Текст песнопений седьмого гласа прост, как и отражающая его мелодия, но в этой "простоте" можно встретить такие вещи, над которыми невольно приходится задуматься. Вот, например, 3-я стихира воскресной стиховны: "Страшен явился еси Господи, во гробе лежа яко спя: воскрес же тридневен яко силен, адама совоскресил еси зовуща…" Или 2-я стихира в неделю вечера: "Виждь твоя пребеззаконная дела, о душе моя! и почудися, како тя земле носит; какое не разседеся; како диви зверие не снедают тебе; како же и солнце незаходимое сияти тебе не преста". Таким образом, глас этот выражает нечто великое, непостижимое, страшное, сокрытое под сенью кажущейся простоты. Он величествен и прост, как небесная жизнь, которую он передает»[103].
Еще можно добавить, что самоподобен 7-го гласа «Днесь бдит Иуда» и другие седальны, посвященные злодеянию Иуды, «Кий тя образ Иудо», «На вечери ученики питая», тоже написаны на 7-й глас, характеризующий неудобовместимое для слуха человеческого – предательство Иудой Христа.
«Воскресный тропарь и догматик 8-го гласа характеризуют этот глас как глас полноты, совершенства, высоты, как глас царственный. В других песнопениях, особенно воскресных, он также говорит о восхождении на высоту (стиховна великой вечерни 1-2 стихиры; 1, 2 и 3 воскресные стихиры на "хвалитех")… 8-й глас можно еще назвать гласом восклицания. Восьмая стихира погребения мирян звучит как плачевный вопль: большинство песнопений 8-го гласа также подчеркивают эту восклицательную сторону. Многие из них прямо начинаются междометиями: "увы", "о" или являются таковыми по своему общему содержанию (самоподобен "О преславного чудесе", стихира "Днесь неприкосновенный существом" (Воздвижение), "Сия глаголет Господь иудеом" (Великий Пяток). В песнопениях этого гласа идея восклицания часто выражается в форме громогласного призыва, торжественного или тревожного ("Во благознаменитый день" (Рождество Богородицы), "Егда предстал еси Каиафе Боже" (Великий Пяток) и многие другие). Таким образом, восьмой глас можно рассматривать и как глас "трубный", глас "высокого проповедания" – именно так звучат песнопения "Глас Господень на водах" (Богоявления), "Да веселятся небеса" (Благовещение) и другие. Наконец, 8-й глас можно рассматривать как глас высокой хвалы ("О Тебе радуется")[104].

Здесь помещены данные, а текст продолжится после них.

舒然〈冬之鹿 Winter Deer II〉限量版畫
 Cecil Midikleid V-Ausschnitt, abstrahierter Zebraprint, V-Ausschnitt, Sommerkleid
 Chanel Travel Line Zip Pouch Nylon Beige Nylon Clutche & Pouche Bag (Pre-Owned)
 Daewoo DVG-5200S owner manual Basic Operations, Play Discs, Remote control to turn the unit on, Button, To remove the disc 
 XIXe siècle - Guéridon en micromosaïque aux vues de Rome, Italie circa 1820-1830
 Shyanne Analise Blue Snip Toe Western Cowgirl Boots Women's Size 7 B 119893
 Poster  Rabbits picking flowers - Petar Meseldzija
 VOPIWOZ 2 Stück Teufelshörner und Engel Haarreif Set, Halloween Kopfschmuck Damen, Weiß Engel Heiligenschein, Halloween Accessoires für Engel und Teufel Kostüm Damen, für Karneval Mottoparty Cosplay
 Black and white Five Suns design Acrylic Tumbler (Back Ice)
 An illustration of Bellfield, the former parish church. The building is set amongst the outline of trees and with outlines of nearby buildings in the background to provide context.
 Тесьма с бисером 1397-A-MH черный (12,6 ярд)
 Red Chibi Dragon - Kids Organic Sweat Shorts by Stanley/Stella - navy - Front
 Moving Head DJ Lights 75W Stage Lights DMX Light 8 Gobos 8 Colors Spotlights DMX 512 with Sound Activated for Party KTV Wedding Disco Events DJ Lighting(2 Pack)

Обзор текстов гласовых песнопений также подтверждает деление гласов на автентические и плагальные, или прямые и косвенные. Наглядно это можно видеть в предъевангельких воскресных антифонах восьми гласов. Первая четверица антифонов (гласы 1-й, 2-й, 3-й, 4-й) перефразирует 18 кафизму, вторая четверица гласов (5-й, 6-й, 7-й, 8-й) углубляет и завершает перефраз[105].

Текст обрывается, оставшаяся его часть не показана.